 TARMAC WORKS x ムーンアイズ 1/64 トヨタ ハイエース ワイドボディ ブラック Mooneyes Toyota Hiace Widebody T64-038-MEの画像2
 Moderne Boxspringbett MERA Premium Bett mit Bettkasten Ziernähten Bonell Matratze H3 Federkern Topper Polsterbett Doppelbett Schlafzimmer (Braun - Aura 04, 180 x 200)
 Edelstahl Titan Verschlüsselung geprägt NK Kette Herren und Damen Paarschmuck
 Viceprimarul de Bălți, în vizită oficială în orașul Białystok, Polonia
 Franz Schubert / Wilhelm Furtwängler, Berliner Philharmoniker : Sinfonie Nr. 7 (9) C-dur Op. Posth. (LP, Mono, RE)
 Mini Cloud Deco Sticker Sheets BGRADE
::::::::::
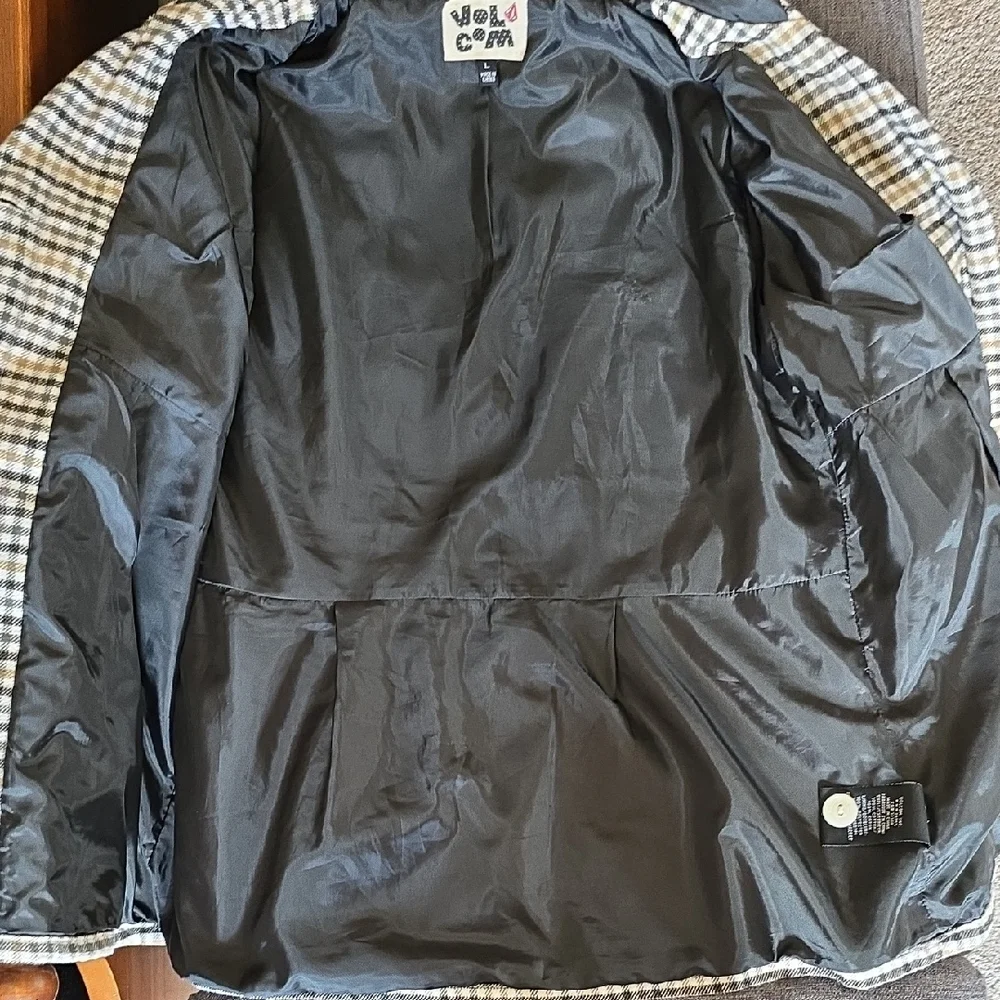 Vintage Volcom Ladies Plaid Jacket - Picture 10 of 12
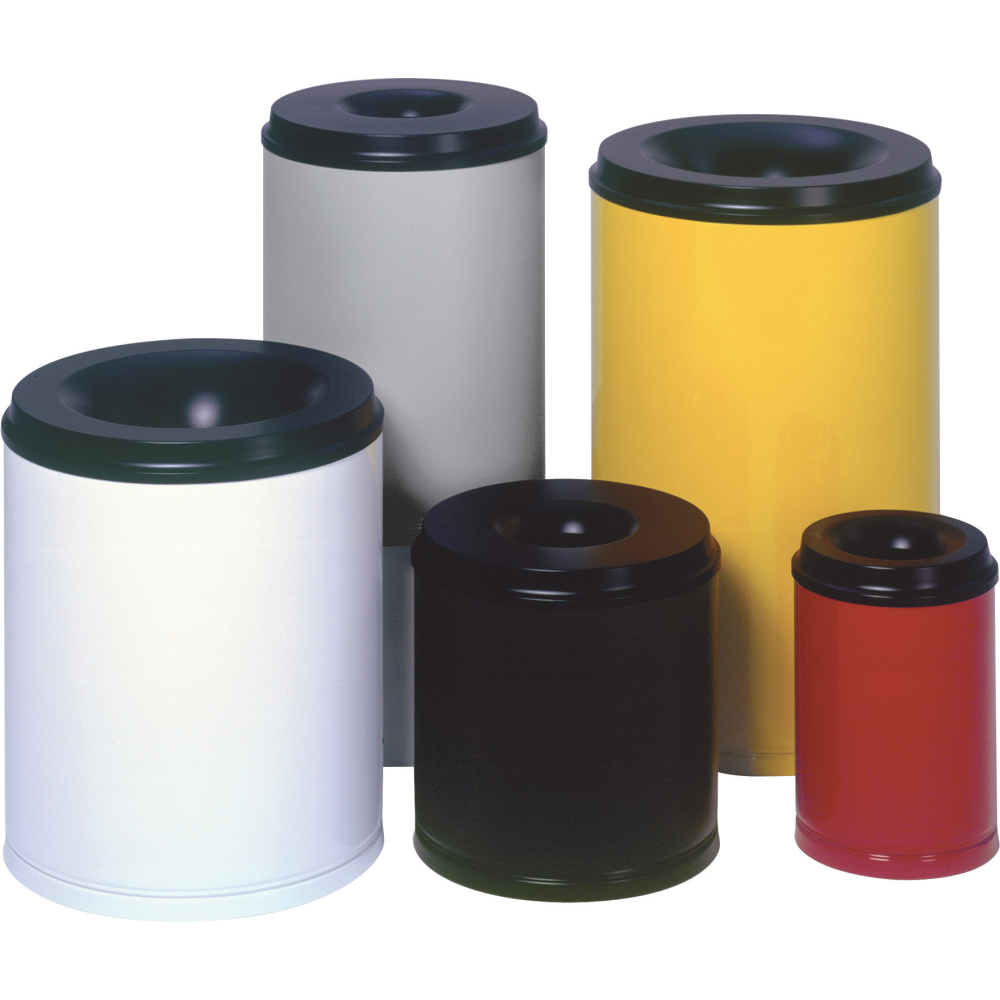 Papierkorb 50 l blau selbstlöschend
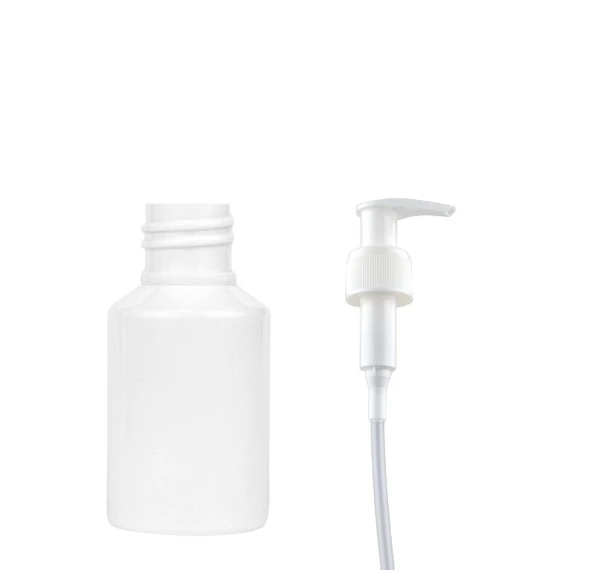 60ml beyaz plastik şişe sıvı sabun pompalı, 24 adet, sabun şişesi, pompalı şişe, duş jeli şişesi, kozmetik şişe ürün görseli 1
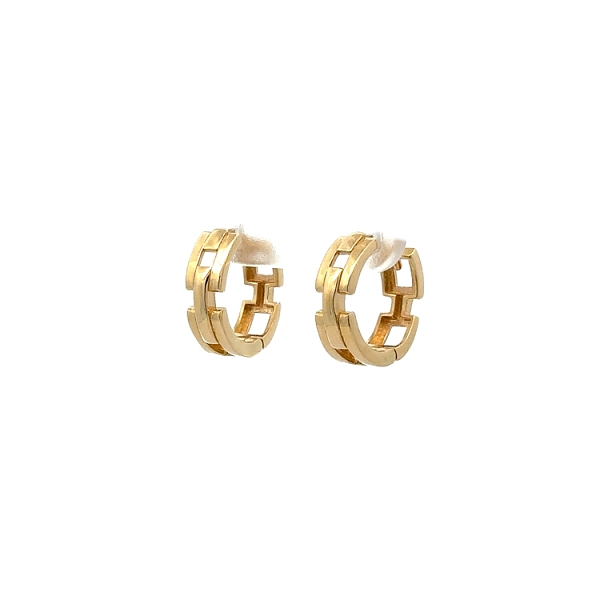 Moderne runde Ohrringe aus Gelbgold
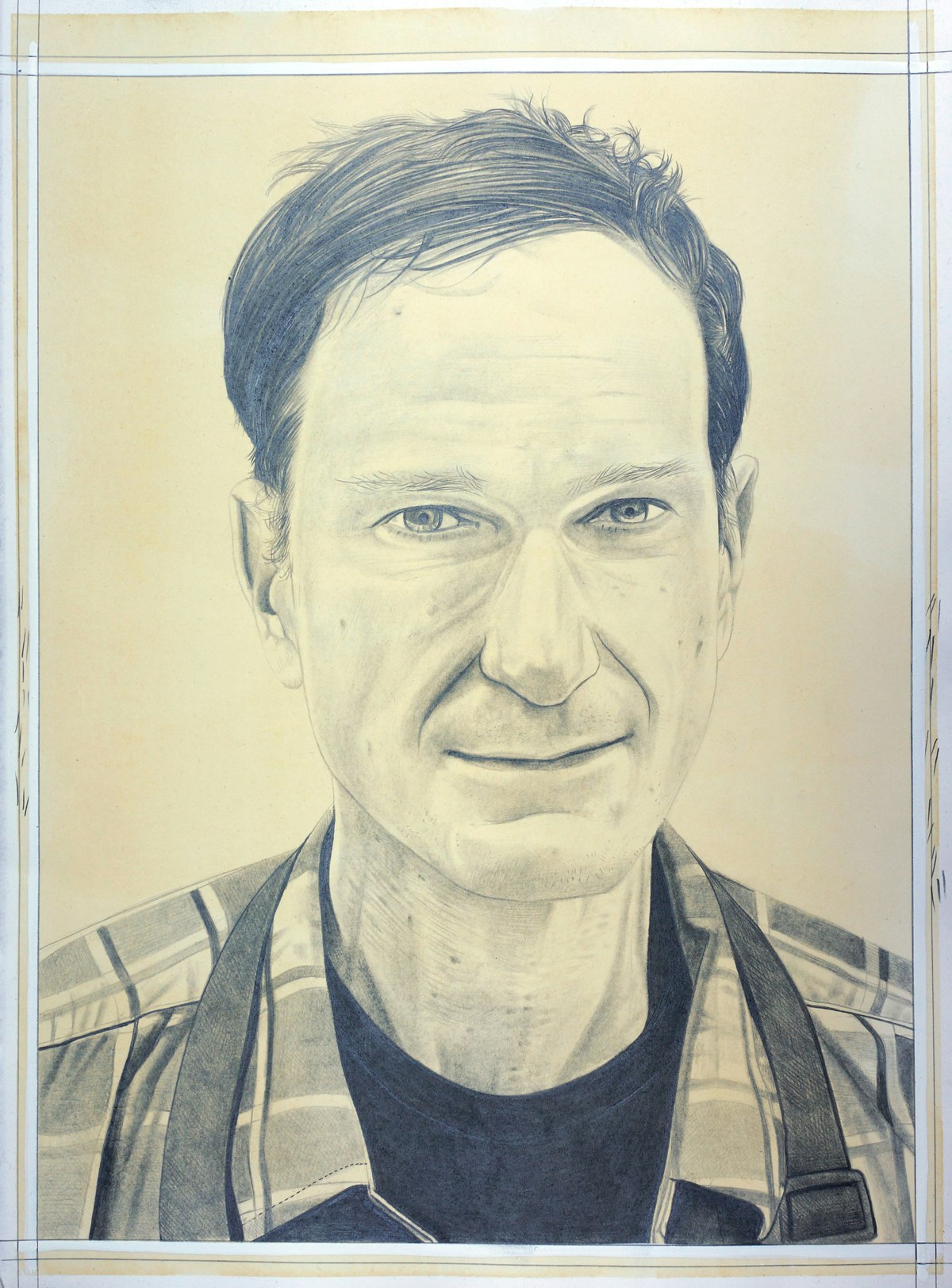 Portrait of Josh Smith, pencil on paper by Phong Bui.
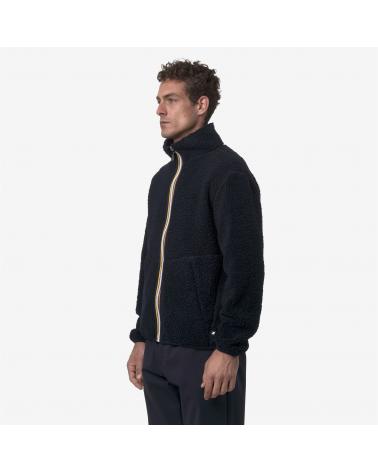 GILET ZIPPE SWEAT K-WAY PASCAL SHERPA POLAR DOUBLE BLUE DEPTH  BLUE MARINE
::::::::::
• _Your instructions_: Return exactly the lines of the material above, starting at the line containing "Portrait of Josh" and finishing at the line containing "GILET ZIPPE SWEAT", without any pictures.

• _Result of the task_:
 Portrait of Josh Smith, pencil on paper by Phong Bui.
 GILET ZIPPE SWEAT K-WAY PASCAL SHERPA POLAR DOUBLE BLUE DEPTH  BLUE MARINE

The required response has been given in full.